In verses 1-14, Paul shows us: The Big Picture of Gratitude and The Big Picture of Growth. These are the two main lessons that I want us to concentrate on this morning. I believe these “Big Picture” issues are central determining factors in our having a fulfilling and strengthening walk with the Father that will touch the lives of those around us. First, let’s take a look at the big picture of gratitude. Let’s take a look at Colossians 1:1-6.

{1} Paul, an apostle of Christ Jesus by the will of God, and Timothy our brother, {2} To the holy and faithful brothers in Christ at Colosse: Grace and peace to you from God our Father. {3} We always thank God, the Father of our Lord Jesus Christ, when we pray for you, {4} because we have heard of your faith in Christ Jesus and of the love you have for all the saints– {5} the faith and love that spring from the hope that is stored up for you in heaven and that you have already heard about in the word of truth, the gospel {6} that has come to you. All over the world this gospel is bearing fruit and growing, just as it has been doing among you since the day you heard it and understood God’s grace in all its truth. (Colossians 1:1-6 NIV)

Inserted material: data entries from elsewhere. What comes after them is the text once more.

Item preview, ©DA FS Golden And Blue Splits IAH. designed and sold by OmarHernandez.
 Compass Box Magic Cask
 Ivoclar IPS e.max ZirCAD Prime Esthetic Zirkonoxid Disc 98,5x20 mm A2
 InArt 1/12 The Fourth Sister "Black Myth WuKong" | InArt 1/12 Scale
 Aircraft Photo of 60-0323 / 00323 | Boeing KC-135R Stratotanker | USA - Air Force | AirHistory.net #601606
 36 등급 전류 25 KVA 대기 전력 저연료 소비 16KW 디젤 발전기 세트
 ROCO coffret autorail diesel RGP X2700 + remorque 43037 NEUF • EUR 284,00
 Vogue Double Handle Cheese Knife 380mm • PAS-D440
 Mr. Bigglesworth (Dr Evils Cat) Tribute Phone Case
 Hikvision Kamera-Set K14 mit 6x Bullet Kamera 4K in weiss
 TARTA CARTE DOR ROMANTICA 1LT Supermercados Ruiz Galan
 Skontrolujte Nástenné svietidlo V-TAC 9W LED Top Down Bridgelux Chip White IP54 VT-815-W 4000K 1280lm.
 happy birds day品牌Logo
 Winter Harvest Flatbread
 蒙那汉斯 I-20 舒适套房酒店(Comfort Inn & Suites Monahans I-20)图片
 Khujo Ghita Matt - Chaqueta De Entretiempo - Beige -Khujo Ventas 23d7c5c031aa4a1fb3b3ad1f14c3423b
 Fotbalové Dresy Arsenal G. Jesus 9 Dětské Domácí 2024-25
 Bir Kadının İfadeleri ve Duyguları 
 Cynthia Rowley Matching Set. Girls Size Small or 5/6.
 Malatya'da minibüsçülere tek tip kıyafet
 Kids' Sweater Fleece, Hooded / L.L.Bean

The big picture of gratitude is the beginning point of our walk with God. It is gratitude that enables us to maintain a right relationship with the Father and with the Body of Christ. Some of you, who are going through a tough time right now, may be asking, “What do I have to be thankful for?” First and foremost you and I can be grateful that the Father has provided a way for our sins to be forgiven. The Psalmist was well aware of the misery and despair that accompanies sin when he wrote, “If you, O LORD, kept a record of sins, O Lord, who could stand?” (Psalm 130:3 NIV) Sin will drive you to the depths of despair in your relationships. Sin will separate you and me from God. Some will argue against that biblical truth, but the truth remains. Sin also separates us from one another. There is no argument against that truth because we experience its reality every day. When you have problems in your relationships what is it that causes you such problems? You can call it whatever you want as it wears many faces and manifests itself in many ways, but underneath it all is sin. Sin separates!

The Good News is this: God has provided a way for us to be forgiven for our sin and to begin to walk with Him in newness of life. Do you realize that the sole reason Jesus came to earth and lived among us for thirty-three years was to restore us to God? Jesus gave us His mission statement in Mark’s Gospel when He said, “For even the Son of Man did not come to be served, but to serve, and to give his life as a ransom for many.” (Mark 10:45 NIV) In Luke’s Gospel, Jesus says, “For the Son of Man came to seek and to save what was lost.” (Luke 19:10 NIV) In John’s Gospel, Jesus told Thomas, “I am the way and the truth and the life. No one comes to the Father except through me.” (John 14:6 NIV)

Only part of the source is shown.